Business Oxymorons


Every time I get a memo, directive or request from management, or anyone else for that matter, that causes me to shake my head, I put it in a file where I can review it and smile at a later date. I have to do that because sometimes it is almost impossible to believe in, let alone laugh at many of the documents and directives when they are actually issued. It seems that it is only on reasonable reflection that the humor associated with the document can be appreciated. Over the years I have amassed a fairly large file of what I like to refer to as management “Business Oxymorons”. Here are some of my favorites.



Process Simplification:


Process simplification has long been a target for cost cutting and efficiency increasing projects and teams. Regardless of how the business is structured, or what processes there may be in place, this is an area that can and will receive incremental focus. My favorite approach here was when I received a 36 chart presentation deck detailing the process we would all be using going forward for corporate process simplification. That is correct. It took 36 charts to detail out how we were going to simplify things. Needless to say, I had a suggestion for the first process to focus on for future simplification.

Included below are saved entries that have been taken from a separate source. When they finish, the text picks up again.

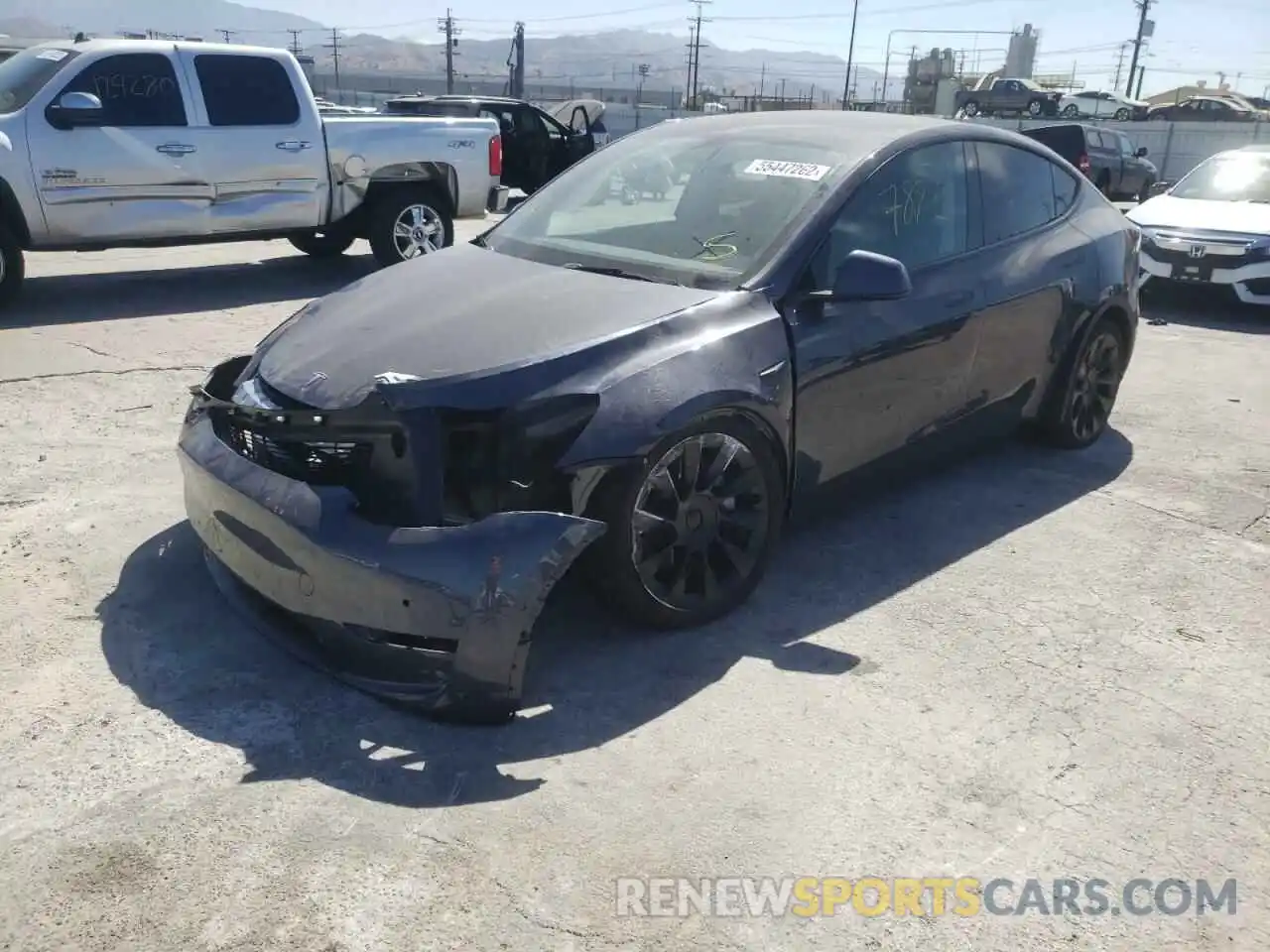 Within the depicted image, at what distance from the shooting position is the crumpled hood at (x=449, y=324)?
3.17 meters

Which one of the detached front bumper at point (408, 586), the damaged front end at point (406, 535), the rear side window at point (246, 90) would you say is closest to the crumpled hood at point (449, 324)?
the damaged front end at point (406, 535)

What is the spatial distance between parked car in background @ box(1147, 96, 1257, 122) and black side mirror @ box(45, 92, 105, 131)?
149 feet

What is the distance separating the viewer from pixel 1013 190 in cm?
476

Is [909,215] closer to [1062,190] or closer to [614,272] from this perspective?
[614,272]

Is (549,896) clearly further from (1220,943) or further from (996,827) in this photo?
(1220,943)

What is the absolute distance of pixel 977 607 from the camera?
3777 mm

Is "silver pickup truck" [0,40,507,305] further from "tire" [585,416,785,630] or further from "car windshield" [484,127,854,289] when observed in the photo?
"tire" [585,416,785,630]

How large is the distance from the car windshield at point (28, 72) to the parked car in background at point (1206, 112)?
1785 inches

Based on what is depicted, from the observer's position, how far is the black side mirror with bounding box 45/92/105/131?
7695 mm

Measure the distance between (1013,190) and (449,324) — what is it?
280 centimetres

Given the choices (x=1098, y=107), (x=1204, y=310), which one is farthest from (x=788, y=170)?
(x=1098, y=107)

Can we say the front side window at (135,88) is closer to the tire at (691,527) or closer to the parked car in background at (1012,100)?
the tire at (691,527)

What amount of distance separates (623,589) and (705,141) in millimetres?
2170

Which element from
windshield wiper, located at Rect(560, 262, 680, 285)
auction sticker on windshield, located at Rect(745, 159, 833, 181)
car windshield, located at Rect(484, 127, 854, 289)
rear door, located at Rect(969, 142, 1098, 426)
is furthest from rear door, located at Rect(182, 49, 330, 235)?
rear door, located at Rect(969, 142, 1098, 426) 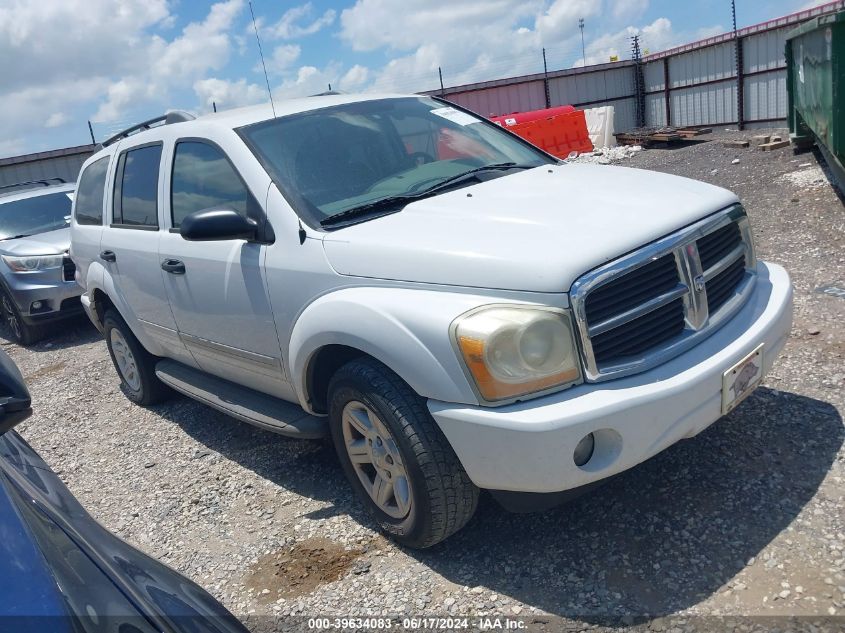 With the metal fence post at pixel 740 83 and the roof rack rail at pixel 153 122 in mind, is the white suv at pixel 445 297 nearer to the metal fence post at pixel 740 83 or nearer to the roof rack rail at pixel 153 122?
the roof rack rail at pixel 153 122

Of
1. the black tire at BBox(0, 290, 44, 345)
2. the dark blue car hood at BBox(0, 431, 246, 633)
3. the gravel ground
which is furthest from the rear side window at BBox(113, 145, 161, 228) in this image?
the black tire at BBox(0, 290, 44, 345)

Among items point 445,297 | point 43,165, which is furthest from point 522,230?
point 43,165

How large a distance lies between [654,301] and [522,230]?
1.81ft

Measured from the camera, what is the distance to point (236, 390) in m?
4.03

Announcing / Assigning a New Team to Track Cost Reduction:


Like process simplification, cost reduction is also always a favorite topic for management attention. Indeed cost reduction should be an ongoing focus for every business. The point here is the activity of cost reduction should be the focus. The idea is to reduce costs. The tracking of cost reduction doesn’t actually reduce any costs. It could be argued that one of the best ways to start reducing costs would be to get rid of all the teams whose only responsibility is to track cost reductions, since they are actually an unproductive incremental cost to the business. I always thought that the people who were implementing cost reductions were also capable of tracking cost reductions too.




Unprofitable “Strategic” Business:


I wrote an entire post dedicated to this concept a few weeks ago. Sales teams want to sell things. That is what they are supposed to do. Customers usually want the lowest price possible for the goods and services that they are going to purchase. Sales teams try to get their customers the lowest price possible, sometimes by describing the business opportunity as “Strategic”. Getting requests to discount product and service prices to the point of unprofitability because it is strategic to the company to get this business has always been an interesting exercise in logic for me. How can bringing in any incremental unprofitable business be of benefit to a company, let alone strategic to it?

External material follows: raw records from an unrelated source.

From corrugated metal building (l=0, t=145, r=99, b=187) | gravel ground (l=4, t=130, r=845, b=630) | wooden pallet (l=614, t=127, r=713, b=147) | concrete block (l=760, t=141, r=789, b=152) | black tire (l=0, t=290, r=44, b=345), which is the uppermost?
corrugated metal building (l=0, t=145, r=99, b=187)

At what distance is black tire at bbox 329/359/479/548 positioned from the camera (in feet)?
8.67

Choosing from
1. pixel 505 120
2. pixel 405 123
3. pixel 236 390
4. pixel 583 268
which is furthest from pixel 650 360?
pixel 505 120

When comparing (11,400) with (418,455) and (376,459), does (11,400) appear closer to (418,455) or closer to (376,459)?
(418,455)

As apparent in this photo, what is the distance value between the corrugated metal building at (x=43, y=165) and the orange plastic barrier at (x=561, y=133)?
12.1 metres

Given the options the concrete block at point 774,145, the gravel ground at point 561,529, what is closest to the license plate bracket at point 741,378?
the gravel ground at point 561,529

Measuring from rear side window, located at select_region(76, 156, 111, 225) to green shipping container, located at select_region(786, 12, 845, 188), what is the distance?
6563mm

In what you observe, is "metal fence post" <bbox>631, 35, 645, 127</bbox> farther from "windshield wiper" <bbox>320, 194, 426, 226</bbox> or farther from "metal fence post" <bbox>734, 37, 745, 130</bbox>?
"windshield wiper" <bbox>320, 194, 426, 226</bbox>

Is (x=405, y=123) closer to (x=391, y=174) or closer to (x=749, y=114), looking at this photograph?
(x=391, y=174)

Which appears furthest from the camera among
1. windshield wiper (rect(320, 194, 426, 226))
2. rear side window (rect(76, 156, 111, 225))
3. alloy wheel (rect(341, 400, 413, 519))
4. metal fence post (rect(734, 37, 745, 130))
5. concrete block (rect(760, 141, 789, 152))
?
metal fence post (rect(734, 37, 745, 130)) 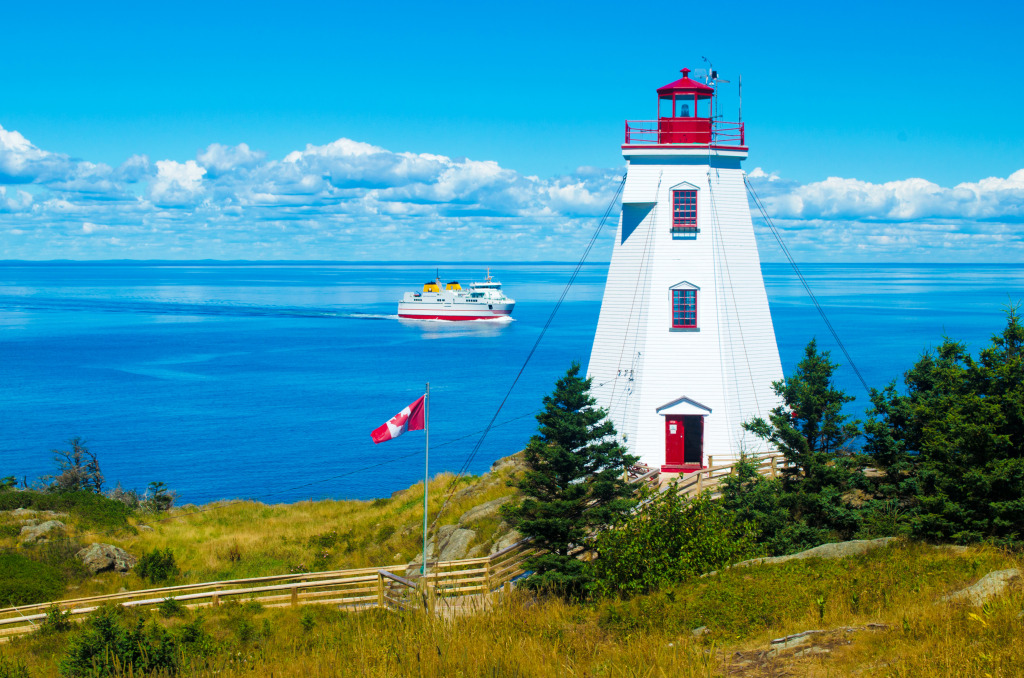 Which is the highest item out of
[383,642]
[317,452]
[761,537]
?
[383,642]

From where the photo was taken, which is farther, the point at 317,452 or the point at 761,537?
the point at 317,452

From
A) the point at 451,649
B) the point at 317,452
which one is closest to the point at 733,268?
the point at 451,649

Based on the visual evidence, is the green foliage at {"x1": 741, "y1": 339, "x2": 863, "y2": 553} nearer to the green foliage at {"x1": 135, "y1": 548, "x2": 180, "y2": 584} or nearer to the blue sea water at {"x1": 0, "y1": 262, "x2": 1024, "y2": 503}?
the blue sea water at {"x1": 0, "y1": 262, "x2": 1024, "y2": 503}

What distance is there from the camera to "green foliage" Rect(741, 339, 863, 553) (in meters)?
14.7

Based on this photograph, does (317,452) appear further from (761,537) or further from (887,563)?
(887,563)

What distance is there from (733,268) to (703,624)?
44.4ft

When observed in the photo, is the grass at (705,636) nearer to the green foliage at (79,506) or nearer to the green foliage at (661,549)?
the green foliage at (661,549)

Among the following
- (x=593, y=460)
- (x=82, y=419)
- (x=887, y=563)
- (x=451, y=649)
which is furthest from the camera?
(x=82, y=419)

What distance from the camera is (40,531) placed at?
21.4m

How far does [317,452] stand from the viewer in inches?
1826

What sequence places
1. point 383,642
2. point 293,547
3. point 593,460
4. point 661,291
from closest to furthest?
1. point 383,642
2. point 593,460
3. point 661,291
4. point 293,547

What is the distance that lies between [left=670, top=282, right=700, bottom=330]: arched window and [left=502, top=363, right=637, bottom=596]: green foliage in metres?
6.64

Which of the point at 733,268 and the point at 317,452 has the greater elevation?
the point at 733,268

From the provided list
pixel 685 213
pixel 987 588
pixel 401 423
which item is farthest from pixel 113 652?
pixel 685 213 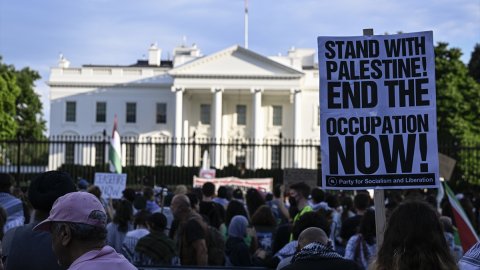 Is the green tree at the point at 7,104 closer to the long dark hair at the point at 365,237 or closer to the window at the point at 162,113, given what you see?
the window at the point at 162,113

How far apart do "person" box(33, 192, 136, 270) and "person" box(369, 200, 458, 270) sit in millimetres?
1074

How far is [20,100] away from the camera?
6141cm

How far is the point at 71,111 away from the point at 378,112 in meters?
58.6

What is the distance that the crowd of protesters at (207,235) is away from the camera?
315 centimetres

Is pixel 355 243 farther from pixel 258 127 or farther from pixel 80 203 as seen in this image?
pixel 258 127

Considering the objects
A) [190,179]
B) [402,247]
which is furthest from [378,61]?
[190,179]

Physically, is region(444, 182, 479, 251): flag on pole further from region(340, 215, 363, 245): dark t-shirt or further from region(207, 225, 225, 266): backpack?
region(207, 225, 225, 266): backpack

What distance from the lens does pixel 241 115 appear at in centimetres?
6162

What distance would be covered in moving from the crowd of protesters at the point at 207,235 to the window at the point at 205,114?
48.2 m

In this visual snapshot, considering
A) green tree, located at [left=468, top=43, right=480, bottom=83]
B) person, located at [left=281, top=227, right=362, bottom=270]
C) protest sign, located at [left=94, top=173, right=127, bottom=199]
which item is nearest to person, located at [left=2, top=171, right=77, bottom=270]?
person, located at [left=281, top=227, right=362, bottom=270]

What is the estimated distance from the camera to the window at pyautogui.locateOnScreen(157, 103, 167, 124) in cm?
6169

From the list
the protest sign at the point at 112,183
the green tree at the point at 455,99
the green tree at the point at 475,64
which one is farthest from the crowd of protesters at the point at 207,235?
the green tree at the point at 475,64

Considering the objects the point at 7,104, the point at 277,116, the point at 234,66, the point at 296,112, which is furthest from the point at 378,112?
the point at 277,116

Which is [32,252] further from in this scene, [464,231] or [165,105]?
[165,105] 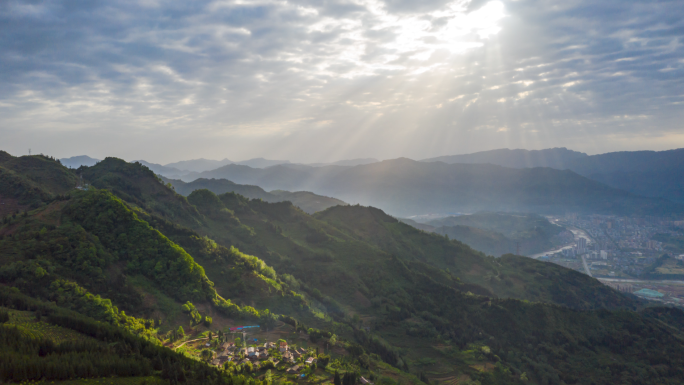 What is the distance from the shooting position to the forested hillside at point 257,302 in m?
15.6

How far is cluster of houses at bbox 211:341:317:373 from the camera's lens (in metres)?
17.4

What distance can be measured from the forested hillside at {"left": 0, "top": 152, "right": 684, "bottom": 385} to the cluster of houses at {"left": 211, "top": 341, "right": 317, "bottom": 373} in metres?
0.87

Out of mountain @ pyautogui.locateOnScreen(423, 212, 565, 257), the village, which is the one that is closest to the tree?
the village

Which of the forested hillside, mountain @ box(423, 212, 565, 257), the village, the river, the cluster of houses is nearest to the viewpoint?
the forested hillside

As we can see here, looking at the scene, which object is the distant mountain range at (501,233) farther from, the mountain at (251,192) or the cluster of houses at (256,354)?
the cluster of houses at (256,354)

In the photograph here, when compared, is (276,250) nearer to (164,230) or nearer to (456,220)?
(164,230)

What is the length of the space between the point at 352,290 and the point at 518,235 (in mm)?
150291

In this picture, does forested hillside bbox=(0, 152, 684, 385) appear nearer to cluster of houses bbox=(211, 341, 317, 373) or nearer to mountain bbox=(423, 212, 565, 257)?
cluster of houses bbox=(211, 341, 317, 373)

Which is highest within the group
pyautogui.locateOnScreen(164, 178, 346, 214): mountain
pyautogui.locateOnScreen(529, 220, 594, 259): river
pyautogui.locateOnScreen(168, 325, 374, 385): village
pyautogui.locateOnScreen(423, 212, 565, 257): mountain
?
pyautogui.locateOnScreen(164, 178, 346, 214): mountain

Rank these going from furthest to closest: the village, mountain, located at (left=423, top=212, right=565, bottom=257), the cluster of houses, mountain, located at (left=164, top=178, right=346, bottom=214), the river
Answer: mountain, located at (left=164, top=178, right=346, bottom=214), the river, mountain, located at (left=423, top=212, right=565, bottom=257), the cluster of houses, the village

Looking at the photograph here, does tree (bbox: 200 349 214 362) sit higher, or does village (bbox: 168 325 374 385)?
tree (bbox: 200 349 214 362)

Multi-Tasking Equals Productivity:


We are all continually asked to do more. That is the nature of business. How we go about it is the key to our effectiveness. I know many people who pride themselves on their ability to be on conference calls, do their email and converse on their computer’s instant messaging system at the same time. I also notice that these people are usually so busy that they never get anything actually accomplished or completed. Productivity is the measure of things that are completed, not the measurement of the number of things being done concurrently. It is similar to the idea about the difference between work and progress. Work can be a great deal of splashing around in a pool. Progress is actually swimming somewhere.




Measurement is the Solution:


It seems that whenever there issues in a business, the first thing management requests are a brand new set of metrics and reports regarding the already identified issues. Metrics and measurements are key tools and sources of data for any manager and business. They help us keep score. They help identify where issues may lie and where performance may need to be improved. Measurements very seldom tell us how to improve performance, only that against some sort of scale that performance needs to be improved. More measurements or more detailed measurements may not help this situation. It is the decisions that are made and the actions that are taken in the business as a result of the measurement information that are the solution. Business measurements are a ways to a means, not a means unto themselves. The 80 / 20 rule truly does apply to measurements and data, and the idea of trying to measure your way out of a performance issue rarely works.




Global Projects:


The world is a very big place and the way business is conducted varies significantly from place to place in it. Global tools, programs and platforms, while always a desirable goal are almost always problematic when it comes to implementation, but that has never seemed to stop the drive towards them. Part of this issue seems to be in that global projects focus on trying to remove the differences between business regions instead of leveraging the similarities that the regions have. By the time you modify the tool, platform or project to take into account every regional business difference, you usually have a uniform solution that is so large, complex, expensive and unmanageable that it is worse than the separate and discrete capabilities it replaced. My father would have called this phenomenon the starting of a vast project with something along the lines of a half vast idea.



These are just a few of the business oxymorons that I have in my file. I am sure there are others that I will bring out in the future. I believe it is the irony associated with the approach as it applies to what was obviously the desired solution that causes me to share them here. It appears that at least in some circumstances it is true what has been said about good intentions. It also doesn’t hurt to find the humor in it.